The majesty of dance lies in its ephemeral nature. It is a celebration of a current state of being – an effort to make visual the sensations of thought, feeling, memory, and time, through the exploration of the physical body, as it fleetingly passes from present to past.
Dance is often thought of as an interaction between the performer and the spectator what becomes of it when the work is translated through a lens? While the attempt can often flatten the movement, a skilled photographer can exploit his craft to enable the dance to take on a third life of perspective and volume within the frame. If you are one who has an eye pointed into the dance world, it is possible you have followed the work of choreographers such as Ohad Naharin, Pina Bausch, or Roy Assaf. So, it is possible you have seen a photo that sweeps you into their world.
There is nothing that can truly compare to seeing any of their evening length works in person.
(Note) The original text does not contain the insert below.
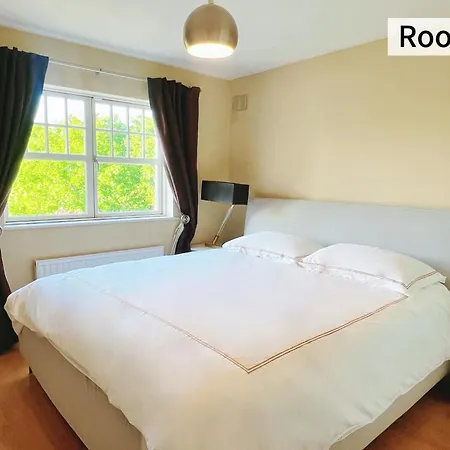 Peaceful With Garden & Creek - New Cozy Accommodatie bij particulieren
Through the images of Israeli-born photographer, Ascaf, the viewer is instantly transported into the life of the piece and a moment of movement transfixed in time. Originally born in Israel, Ascaf and his family moved to Mexico when he was just two years old.
20 years later, after his birthright trip to Israel where he experienced living in a Kibbutz and visiting the major cities of the region, he decided to move back to Israel.
There, he began his studies in industrial and graphic design. He always knew he had a stronger interest in the two-dimensional sphere. After one semester of photography, he knew the medium was for him. As the primary photographer for Batsheva dance company based in Tel Aviv, and having shot for many elite choreographers around the world, Ascaf’s images are often our first window into the world of the piece.
Whether it is a double-exposure, or a crystal image, his sense of timing and ability to translate the architecture and intention of a scene is impeccable. We sat down with him to learn how he merges the ephemeral with his lens.
Ascaf, where do you currently live?
I live in Jaffa. This is a small port city that is 4,000 years old. It is a place where Arabs, Christians, and Jews live together.
It’s not like the fantasy of coexistence, but there is coexistence which is the beautiful part of the city.
How did you find your way to dance photography?
During my last semester at school. I took a course in photography which inspired me to purchase an analog camera. Once I started to practice more, it confirmed I was not interested in industrial or graphic design. Many of my friends were dancers, so they became my raw material. I always wanted to shoot dance or dancers for my studies. So I was very lucky to have this circle of friends I could work with.
How did you become connected to the work of Batsheva and Ohad Naharin?
A few years ago, my wife Doron was the rehearsal manager of Batsheva. That gave me the opportunity to do two exhibitions for the company, like a student. Never could I have imagined that I would eventually become Batsheva’s photographer.
The chance to work in the theater and try to find the right moments of the dancers- every time is like a small adventure for me.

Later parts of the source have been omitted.